Ob er noch ein Sakko anziehen soll? Nein, Martin Horn sieht auch ohne Sakko nach Oberbürgermeister aus, als chilli-Chefredakteur Lars Bargmann ihn in seinem Büro besuchte. Der jüngste Oberbürgermeister einer deutschen Großstadt hat einen festeren Auftritt als zum Amtsantritt vor anderthalb Jahren. Zugeneigt, aber trittfest in seiner politischen Marschroute. Die Kritik an seinen Spontanstopps bei geplanten Baumfällungen respondiert er so: „Da sind Sie auf dem Holzweg.“

chilli: Herr Horn, Ihr erstes komplettes Haushaltsjahr ist nun bald vorbei: Inwiefern trug es Ihre Handschrift?
Horn: Sehr deutlich, das ist der erste Haushalt seit vielen Jahren, der wieder einen Posten für aktive Liegenschaftspolitik hat. Wir wollen nicht weiter Flächen verkaufen, um den Haushalt zu subventionieren, sondern Flächen zurückkaufen, um damit auch die Oberhand über deren Entwicklung zu bekommen. Das hätte es ohne einen neuen Oberbürgermeister nicht gegeben.
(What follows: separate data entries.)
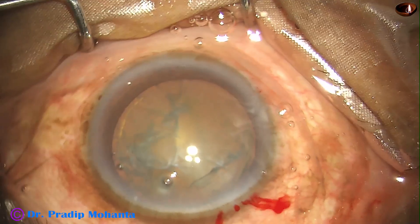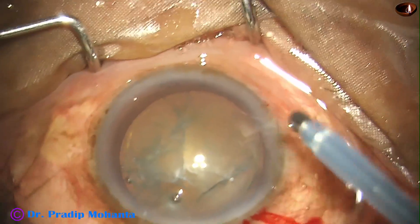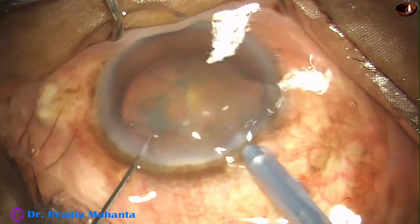By this time, hydrodissection has been done. And now the phaco handpiece is being introduced into the anterior chamber. Here it goes.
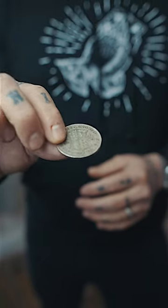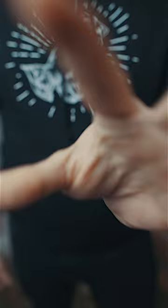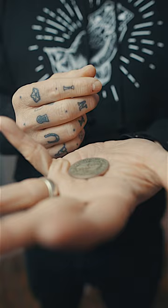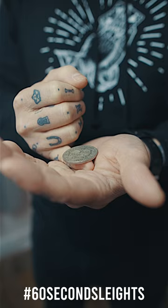Watch the coin. Drop the coin from your fingertips into the palm of your opposite hand. Leave this hand resting here for a moment. Slowly close the fingers around the coin, and just as it goes out of view, secretly extend your pinky under the coin and continue to close the fingers.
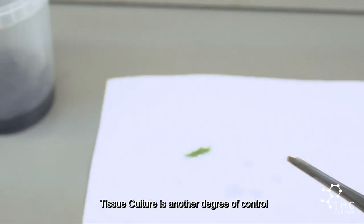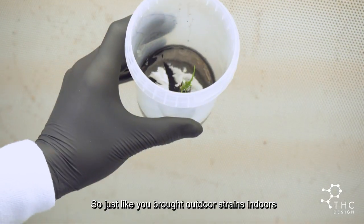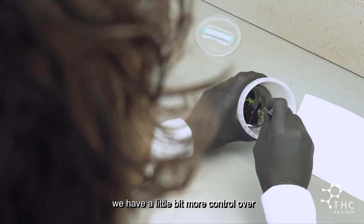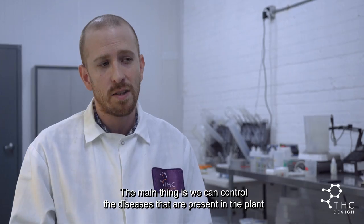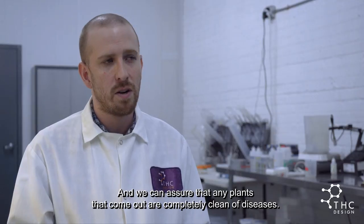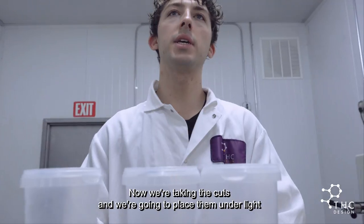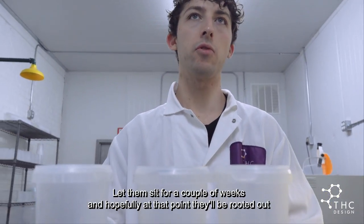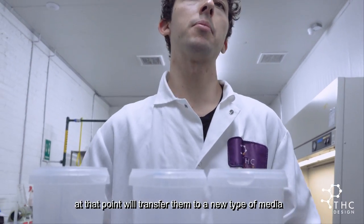Tissue culture is another degree of control. Just like you brought outdoor strains indoors and had a little more control over growing conditions, we have a little bit more control over everything about the environment the plants are grown in. The main thing is that we can control the diseases present in the plant and ensure that any plants that come out are completely clean. So now we're taking the cuts and placing them under light — let them sit for a couple of weeks, and hopefully at that point they'll be rooted out, then we'll transfer them to a new type of media.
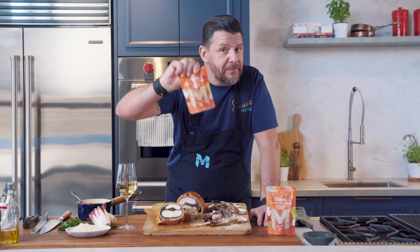On the menu today, my chicken wellington with my Diane sauce.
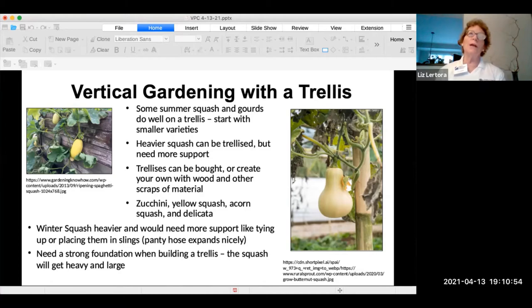Vertical gardening with a trellis works better for smaller things, though you can trellis larger squash. I have a neighbor who did butternut squash on a trellis and kept each one in a piece of pantyhose so the weight wouldn't pull down the whole structure. Some summer squash and gourds do well on a trellis. My recommendation is to start with smaller varieties to get the feel for how it works. Zucchini, yellow squash, acorn squash, and delicata actually work on a trellis if you have the right vining plants.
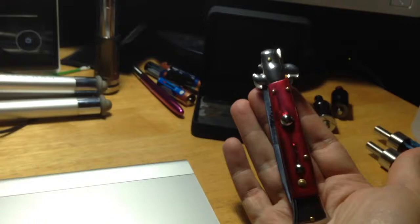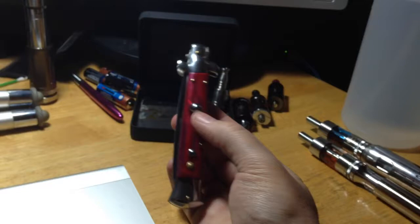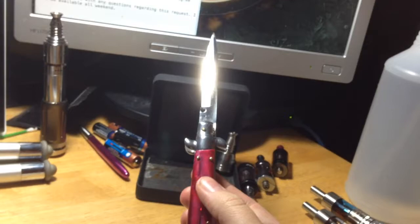I have the most awesome letter opener in the world. Check out that beauty. Look at that. It's real Italian made. And the best part of it is, when you need to open a letter, you just do this. Yeah, look at that.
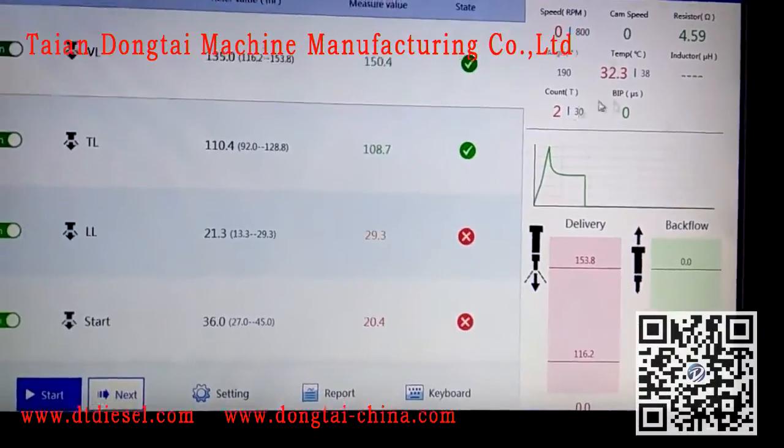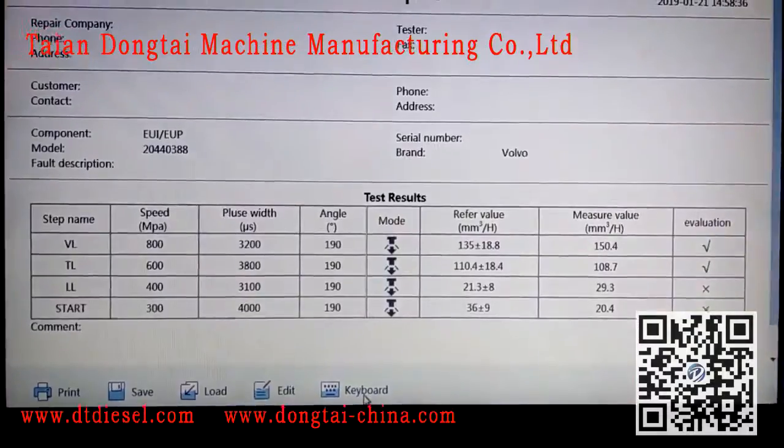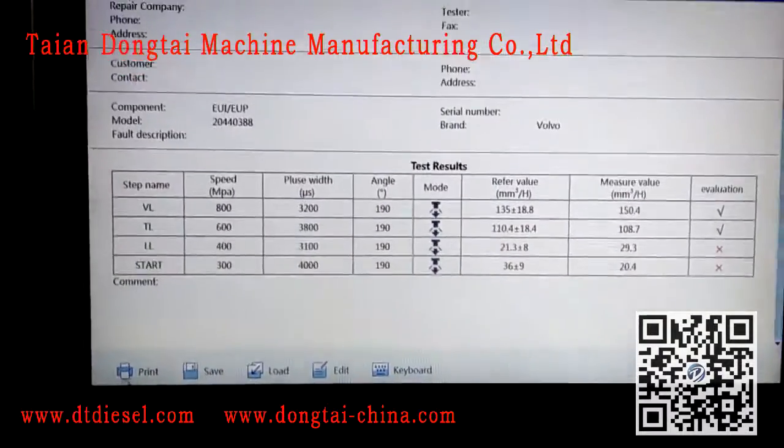When the testing is finished, you can check the testing report here, and choose to print here.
chilli: Als Beispiel taugt das Rotteckhaus. War der Verkauf vor einigen Jahren ein politisches Eigentor?
Horn: Die Zeiten ändern sich. Wenn man heute so ein Haus kauft, verliert das in der Lage nicht mehr an Wert. Wir haben auch schon drei Vorkaufsrechte gezogen. Wir haben in Munzingen fürs Projekt „Einfach gemeinsam wohnen“ 8000 Quadratmeter gekauft und planen keine weiteren Verkäufe mehr. Das ist ein Umdenken, das ist konkret Martin Horn.

chilli: Das Rotteckhaus wird 6,8 Millionen Euro kosten. Hat die Stadt nicht schon genug Schulden?
Horn: Das ist gut angelegtes Geld. Auch meine Handschrift ist die Digitalisierung, da reden wir von einer ganz neuen Dimension. Im letzten Doppelhaushalt hatten wir dafür 2,5, jetzt über 14 Millionen Euro, das ist ein Quantensprung.

chilli: Die Digitalisierung war ein Wahlversprechen. Wenn es ein Marathon ist, wie weit sind Sie?
Horn: Die erste Fünf-Kilometer-Marke haben wir geschafft, weil wir das Thema nicht als Technologisierung verstehen, sondern als Prozess, von dem die Menschen konkret profitieren sollen. Und wir haben ein Amt für Digitales ge­gründet. Die zweite Fünf-Kilometer-Marke haben wir mit dem Beschluss für die Digitalisierungsstrategie erreicht. Da steckt viel mehr drin als nur Smart City. Es gibt sechs Handlungsfelder, eine Art roadmap …

chilli: … ein ganz konkretes Beispiel …
Horn: Nehmen wir die Unterflurcon­tainer. Müll wird unter der Erde gesammelt, wir messen digital, wie voll der Behälter ist, vermeiden halbvolle Leerungen und am Ende finden wir intelligente Routen für unsere Müllwagen, die nur volle ansteuern.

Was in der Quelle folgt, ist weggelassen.